Just as EVs, FCEVs carry several components for electric power: the motor, the Electric Power Control Unit(EPCU), and the reducer that reduce the RPM to an appropriate level.
An energy-saving idea applies when the car is reducing its speed, culminating in the so-called “regenerative braking system.” Some of the Hyundai Motor Group’s EVs are equipped with a mechanism that can control the levels of regenerative braking through paddle shifters on the steering wheel, which improves the fuel economy.
Just like EVs, FCEVs also are eco-friendly and use motors that use electricity. But FCEVs are capable of generating its own electricity using a fuel cell stack system that uses a chemical reaction between stored hydrogen and atmospheric oxygen. Refueling with hydrogen rather than electrical outlets, using atmospheric oxygen, using filtered dust-free air to generate a byproduct of only pure water, are some of the key differences between FCEVs and EVs.
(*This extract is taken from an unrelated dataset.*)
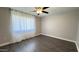 This bedroom features a ceiling fan, gray walls, and wood-look floors at 10562 W Campana Dr, Sun City, AZ 85351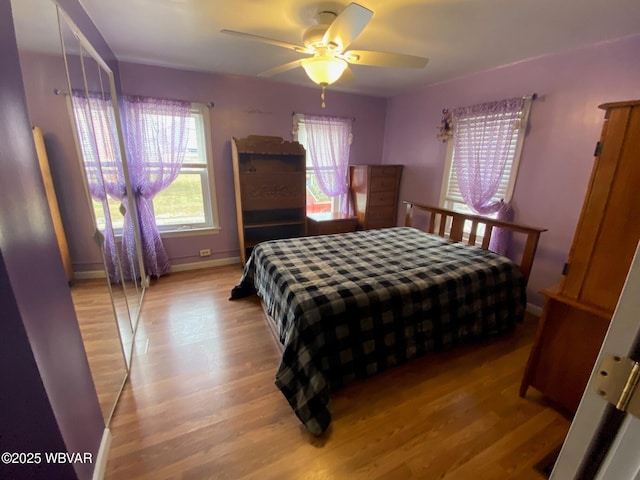 bedroom featuring ceiling fan and light hardwood / wood-style flooring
Among many other ways to produce hydrogen, experts expect that we would be able to use renewable energy sources to separate hydrogen from water and again converting the harvested hydrogen back into electricity.
Such a fuel cell system has got a lot of potentials. The system can be supplied to other transportation manufacturers of vehicles, drones, or vessels. The demand for fuel-cell systems from sectors beyond transportation such as power generation and storage systems is also expected to emerge quickly.